**What the task requires**: Can the lines below, from the one that holds "Ein Hund Militäruniform" to the very end, be echoed exactly, with both ends included and no pictures?

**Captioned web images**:
§

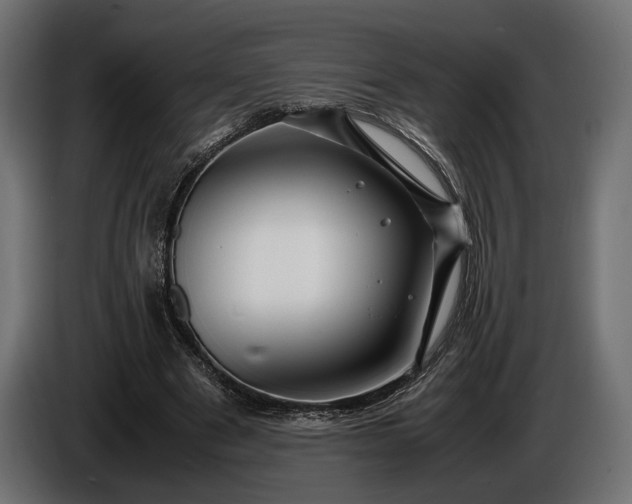 X0000086290489200704131551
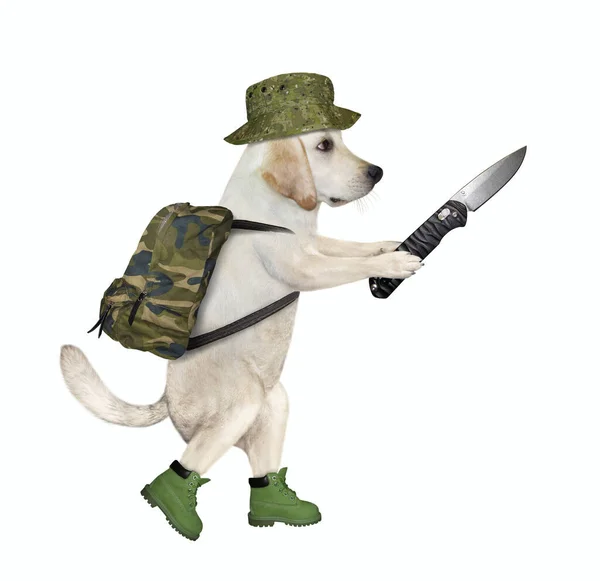 Ein Hund Militäruniform Geht Mit Einem Messer Spazieren Weißer Hintergrund — Stockfoto
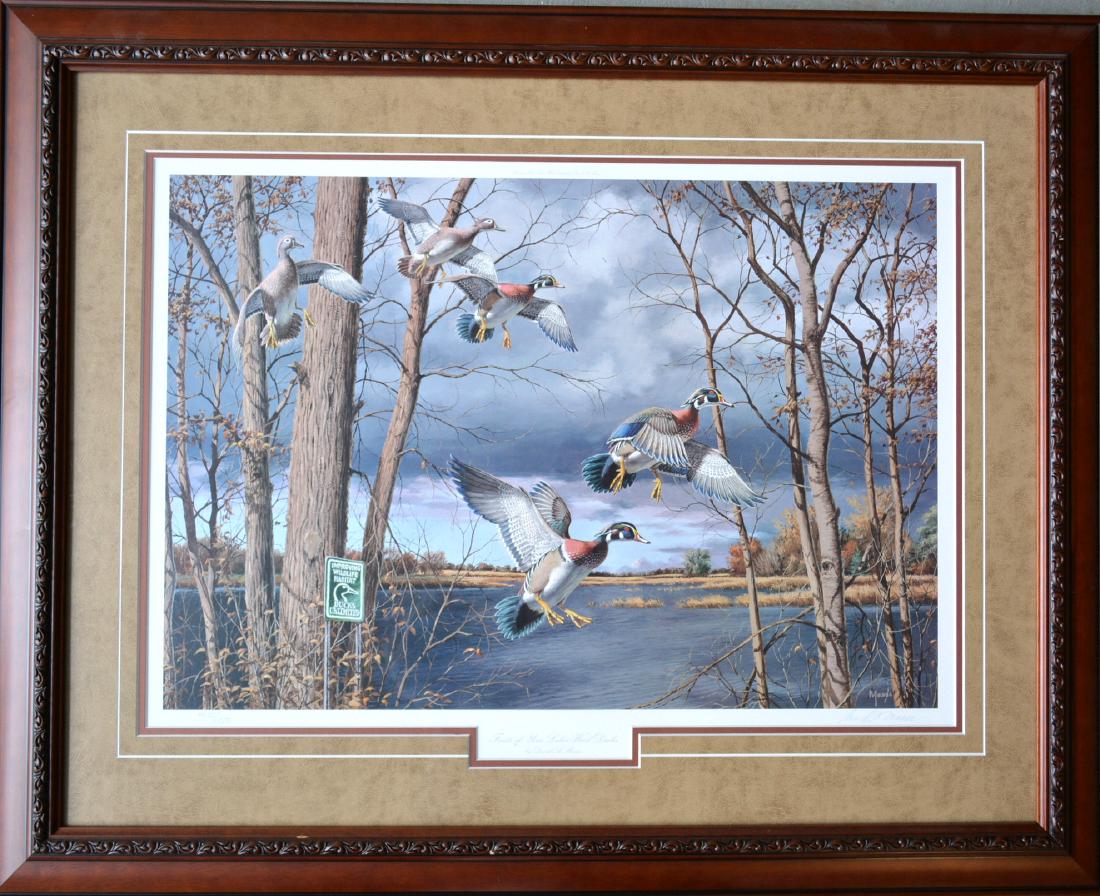 Two Ducks Unlimited wildlife prints including: "On The: Two Ducks Unlimited wildlife prints including: "On The Rise - Canvasbacks" pencil signed Daniel Smith (Montana, 20th century - Ducks Unlimited 2002 Artist of the Year) - limited edition 559/4900 - fra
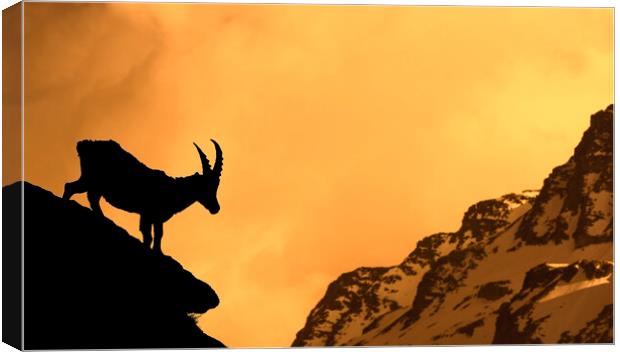 Alpine Ibex Silhouette at Sunset Canvas Print by Arterra 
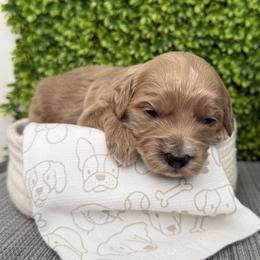 Clover - Apricot female Goldendoodle puppy in Clinton, Utah from Golden Law Kennels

§

**Solution to this task**:
 Ein Hund Militäruniform Geht Mit Einem Messer Spazieren Weißer Hintergrund — Stockfoto
 Two Ducks Unlimited wildlife prints including: "On The: Two Ducks Unlimited wildlife prints including: "On The Rise - Canvasbacks" pencil signed Daniel Smith (Montana, 20th century - Ducks Unlimited 2002 Artist of the Year) - limited edition 559/4900 - fra
 Alpine Ibex Silhouette at Sunset Canvas Print by Arterra 
 Clover - Apricot female Goldendoodle puppy in Clinton, Utah from Golden Law Kennels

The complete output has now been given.